Collected data entries:
────────────────────

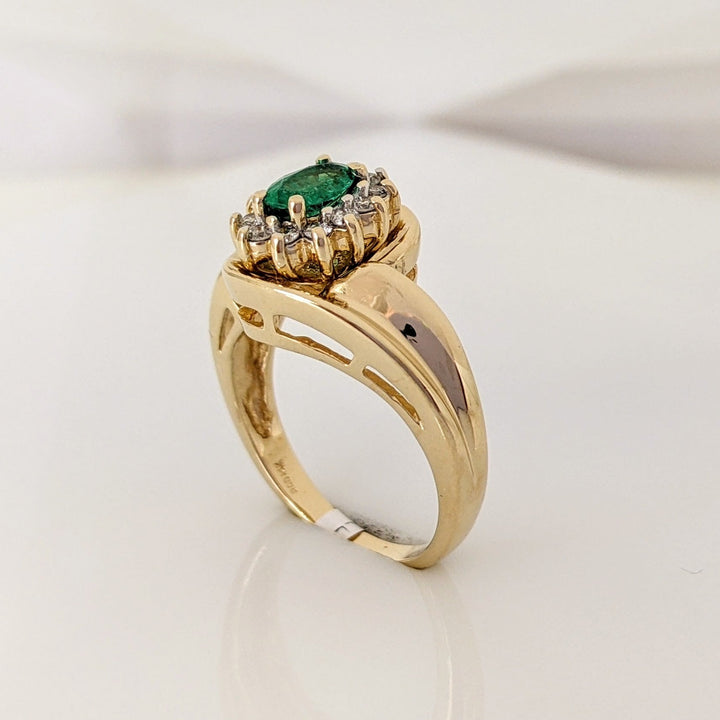14K EMERALD OVAL  4X6 WITH .12 DIAMOND TOTAL WEIGHT (12) ROUND ESTATE RING 4.7 GRAMS
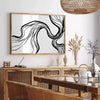 Abstract bohemian design with gray and black tones - in a Parisian living room with a sofa and a fig plant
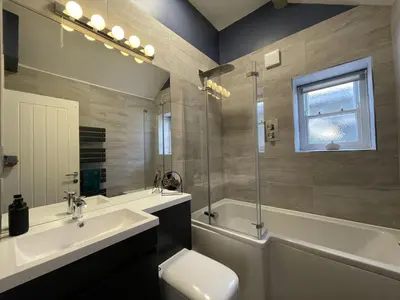 a bathroom with a sink and a toilet and a tub at Bridge House Apartment 3 in Keswick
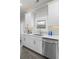 Another view of the white kitchen, showing the stainless steel sink and appliances, with natural light at 244 Citrine Way, Acworth, GA 30101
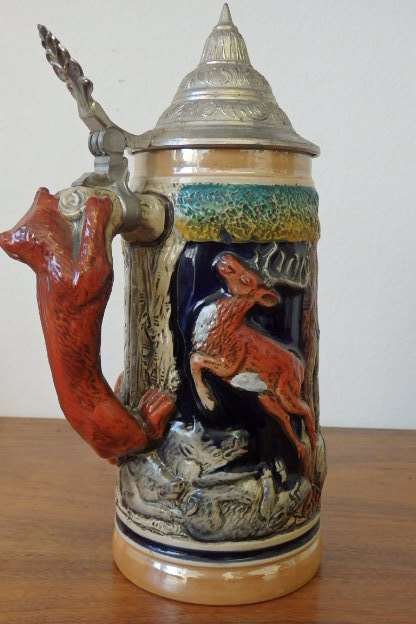 A fabulous vintage German made stoneware (lidded) Stein w/ traditional hand glazed detailing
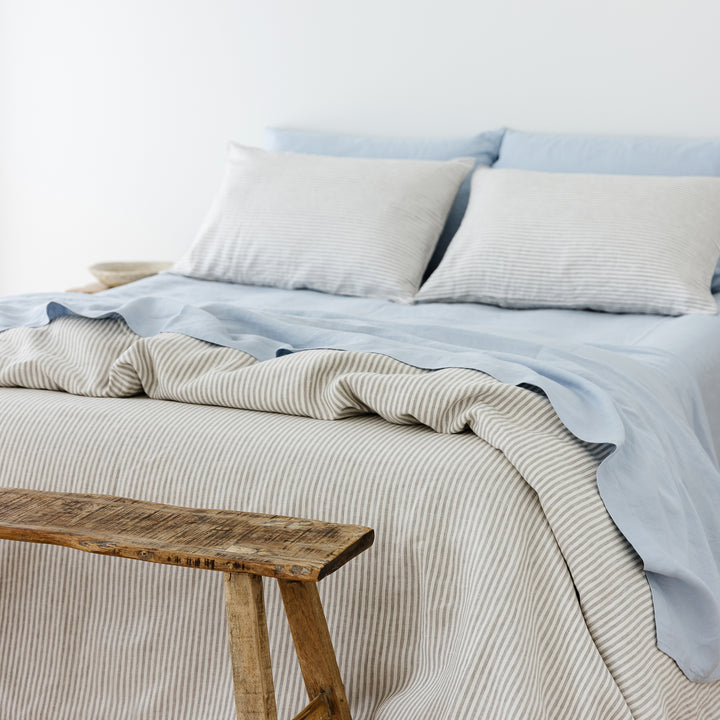 Foxtrot Home French Flax Linen styled in a bedroom with Grey Stripes Duvet.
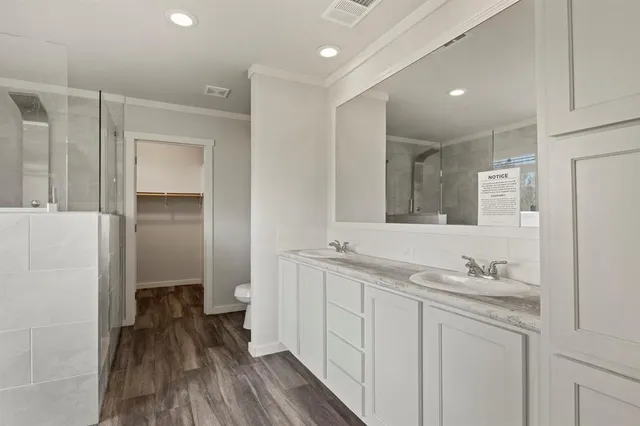 a bathroom with a sink a toilet and a large mirror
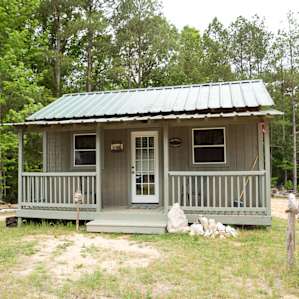 Tiny cabin, set in front of the trees.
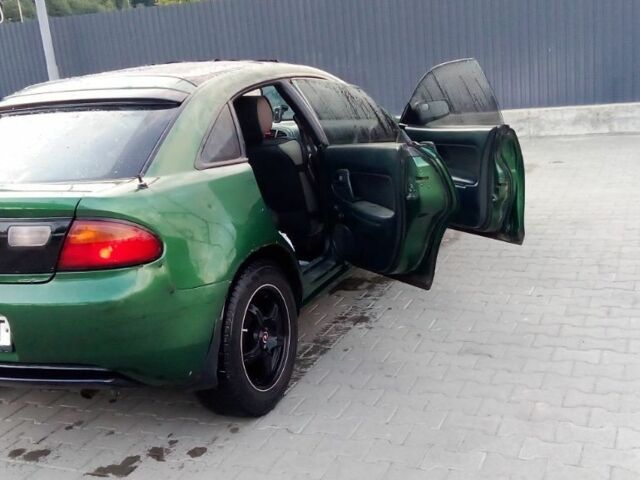 Зеленый Мазда 323, объемом двигателя 0 л и пробегом 333 тыс. км за 1800 $, фото 2 на Automoto.ua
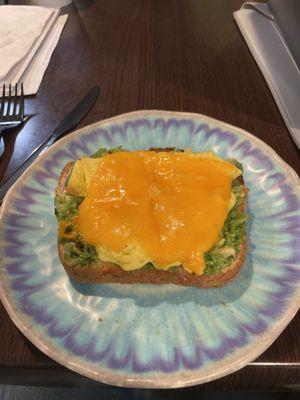 Avocado toast with a scrambled egg and sharp cheddar cheese! Yum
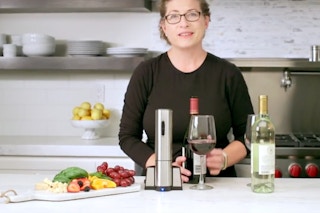 a woman presenting the Cuisinart Electric Wine Opener in a kitchen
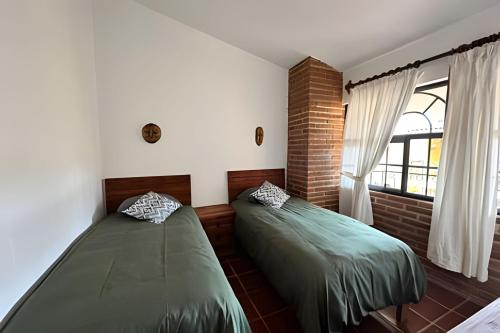 two beds in a room with a window at Comfort y Diseño cerca del Pueblo - 3 Recamaras in Mazamitla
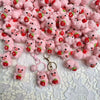 A pile of handmade crochet mini pig keychains in various shades of pink and red.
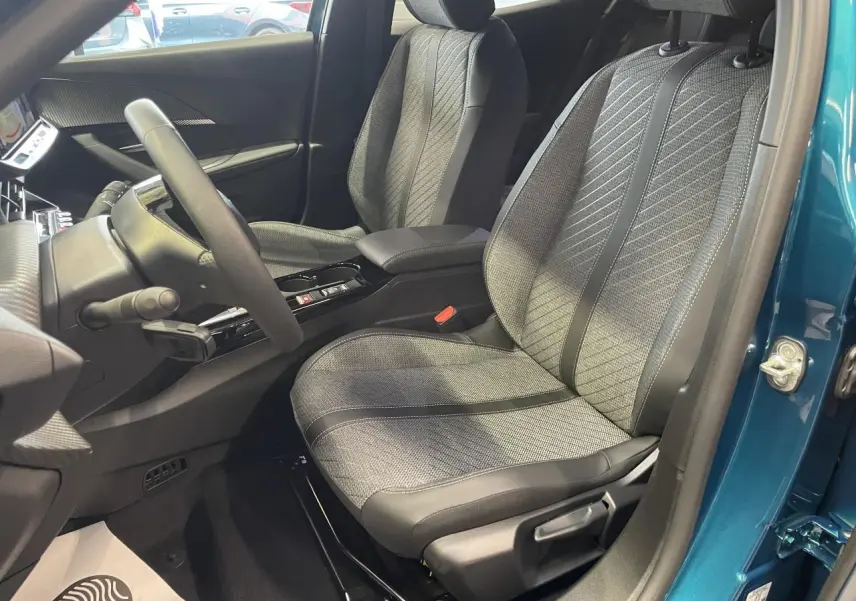 Vue intérieure côté conducteur du Peugeot 2008 bleu, mettant en valeur le siège tissu gris et la console centrale noire brillante.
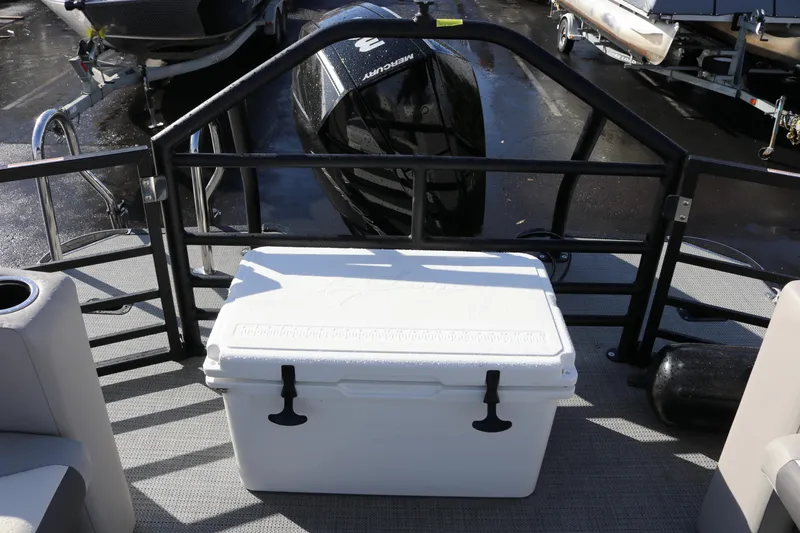 Slide: The Image of 2024 SunChaser Eclipse LR DH 25 Demo boat with cooler and Mercury engine. - 13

────────────────────

§ **ASSIGNMENT**: Write out again, exactly, each line from the one containing "Avocado toast with" through the last line of the entries, and omit every picture.

§ **YOUR RESPONSE**:
 Avocado toast with a scrambled egg and sharp cheddar cheese! Yum
 a woman presenting the Cuisinart Electric Wine Opener in a kitchen
 two beds in a room with a window at Comfort y Diseño cerca del Pueblo - 3 Recamaras in Mazamitla
 A pile of handmade crochet mini pig keychains in various shades of pink and red.
 Vue intérieure côté conducteur du Peugeot 2008 bleu, mettant en valeur le siège tissu gris et la console centrale noire brillante.
 Slide: The Image of 2024 SunChaser Eclipse LR DH 25 Demo boat with cooler and Mercury engine. - 13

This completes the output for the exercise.